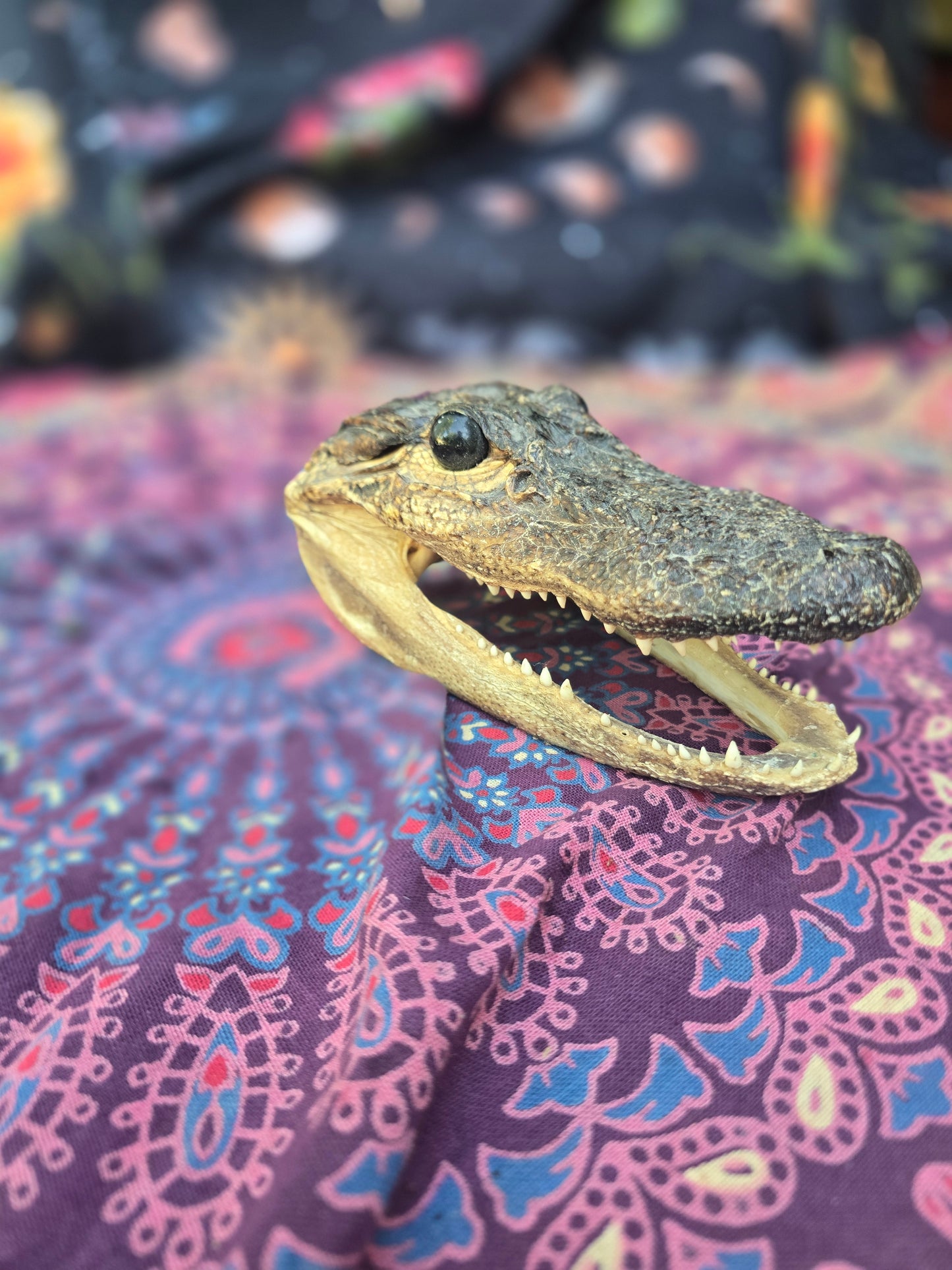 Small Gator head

_ _ _ _

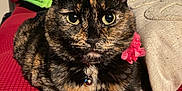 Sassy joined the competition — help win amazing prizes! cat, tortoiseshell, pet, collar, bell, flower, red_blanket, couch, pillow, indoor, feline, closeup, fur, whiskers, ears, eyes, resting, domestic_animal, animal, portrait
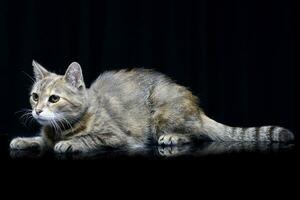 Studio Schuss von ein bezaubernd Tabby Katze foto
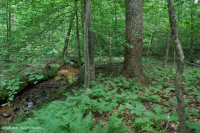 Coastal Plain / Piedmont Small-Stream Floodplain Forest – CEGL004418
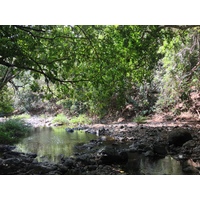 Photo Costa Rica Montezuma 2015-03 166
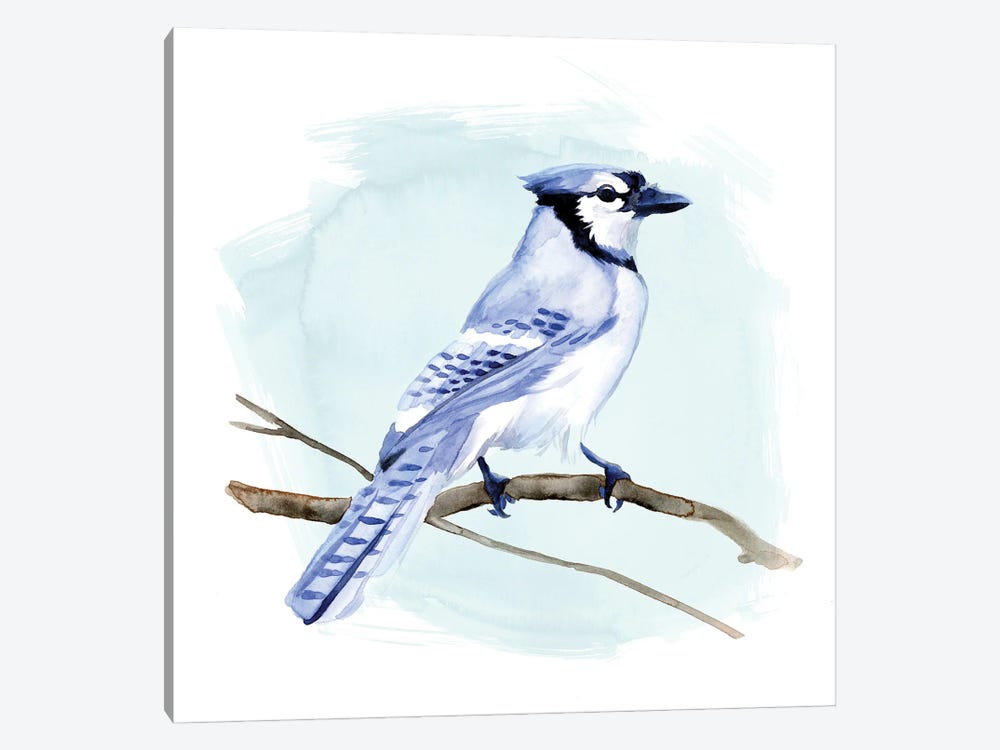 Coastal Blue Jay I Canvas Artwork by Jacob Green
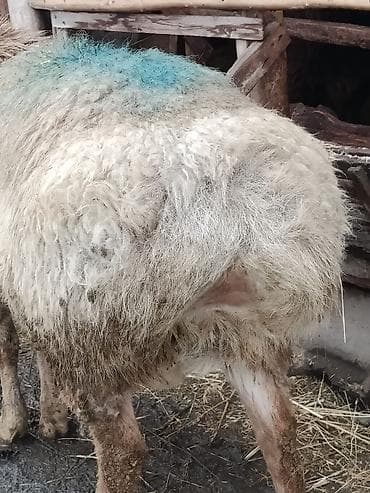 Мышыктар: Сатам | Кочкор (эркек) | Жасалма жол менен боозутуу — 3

_ _ _ _

Exercise. Starting at the line above that holds "Photo Costa Rica Montezuma 2015-03 166", return each line up to and including the one that holds "Мышыктар: Сатам |", exactly as written, minus any pictures.

Answer space.
 Photo Costa Rica Montezuma 2015-03 166
 Coastal Blue Jay I Canvas Artwork by Jacob Green
 Мышыктар: Сатам | Кочкор (эркек) | Жасалма жол менен боозутуу — 3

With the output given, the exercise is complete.